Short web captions
☆ ☆ ☆ ☆

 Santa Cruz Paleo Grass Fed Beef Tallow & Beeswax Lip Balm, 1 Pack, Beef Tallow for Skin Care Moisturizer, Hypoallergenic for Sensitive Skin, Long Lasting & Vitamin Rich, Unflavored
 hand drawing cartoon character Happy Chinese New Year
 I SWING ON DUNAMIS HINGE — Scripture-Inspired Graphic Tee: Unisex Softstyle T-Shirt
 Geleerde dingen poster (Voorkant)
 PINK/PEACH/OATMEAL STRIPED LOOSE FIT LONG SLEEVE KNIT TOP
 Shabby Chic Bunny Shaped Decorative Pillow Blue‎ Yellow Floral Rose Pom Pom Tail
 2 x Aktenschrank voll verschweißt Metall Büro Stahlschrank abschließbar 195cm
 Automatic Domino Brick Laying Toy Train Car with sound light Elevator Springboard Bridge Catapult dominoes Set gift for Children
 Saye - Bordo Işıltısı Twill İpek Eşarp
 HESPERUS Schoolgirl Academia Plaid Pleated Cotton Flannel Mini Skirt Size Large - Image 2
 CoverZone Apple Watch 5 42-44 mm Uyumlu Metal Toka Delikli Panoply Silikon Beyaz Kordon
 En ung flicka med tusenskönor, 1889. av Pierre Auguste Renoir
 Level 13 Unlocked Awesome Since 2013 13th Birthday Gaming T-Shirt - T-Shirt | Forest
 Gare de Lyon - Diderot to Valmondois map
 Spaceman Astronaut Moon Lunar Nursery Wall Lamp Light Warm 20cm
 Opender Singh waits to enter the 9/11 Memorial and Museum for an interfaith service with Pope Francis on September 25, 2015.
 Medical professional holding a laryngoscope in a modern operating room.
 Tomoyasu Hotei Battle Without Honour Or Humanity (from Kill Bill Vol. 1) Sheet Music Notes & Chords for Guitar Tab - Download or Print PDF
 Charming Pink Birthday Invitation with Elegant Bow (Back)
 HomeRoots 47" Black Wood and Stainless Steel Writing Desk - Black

☆ ☆ ☆ ☆

What you should do: Go over the records above line by line and count those holding the word "Birthday". Reply only with the number.

Exercise result: 2